Irregular Packing Using the Line and Arc No-Fit Polygon

Abstract

The no-fit polygon is a geometric construct that can offer faster and more efficient handling of geometry between pairs of shapes than traditional line-by-line intersection. The detection of intersections is a critical operation within the irregular two-dimensional stock-cutting problem (also known as “nesting”), which aims to place shapes onto sheets of material so that the material is utilised as efficiently as possible and the waste (or trim loss) is reduced. The problem forms an important process within many real-world manufacturing industries such as metalworking, automotive production, aerospace, clothing and conservatory manufacture, and others. If manufacturers can reduce their costs by utilising raw materials more effectively, this can directly translate into increased profit margins or greater competitiveness within the marketplace. Moreover, there are significant environmental benefits to be gained. Several methods have been proposed to calculate no-fit polygons, but most, if not all, can only operate on geometry that consists of line segments.
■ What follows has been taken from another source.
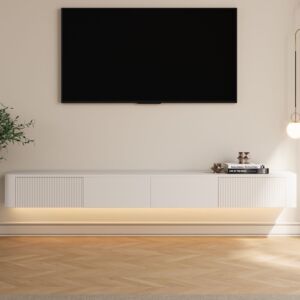 حامل تلفزيون جداري مارسيل - 200 سم - كريمي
This paper extends the orbital sliding method of calculating no-fit polygons to enable it to handle arcs and then shows the resultant no-fit polygons being utilised successfully on the two-dimensional irregular packing problem. As far as the authors are aware, this is the first time that a no-fit polygon algorithm has been able to handle arcs robustly without decomposing to their line approximations. The modification of the authors' previously published packing algorithm to utilise the proposed no-fit polygon approach yields solutions of excellent quality (including several best-known) on well-established literature benchmark problems after only a few minutes. The authors believe that the success of the packing strategy and the line and arc no-fit polygon algorithm make this approach a serious candidate for use in real-world production environments.